### Given records
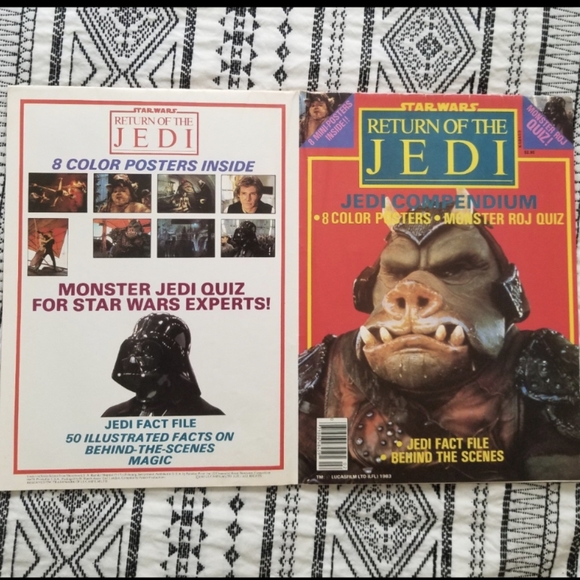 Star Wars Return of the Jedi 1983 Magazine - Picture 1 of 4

---

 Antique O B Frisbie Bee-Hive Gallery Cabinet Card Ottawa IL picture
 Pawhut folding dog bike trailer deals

### What you will do
The lines above starting at the one that contains "Antique O B" and ending at the one that contains "Pawhut folding dog bike trailer deals" must be transcribed exactly, and no other lines may appear.

### Result
 Antique O B Frisbie Bee-Hive Gallery Cabinet Card Ottawa IL picture
 Pawhut folding dog bike trailer deals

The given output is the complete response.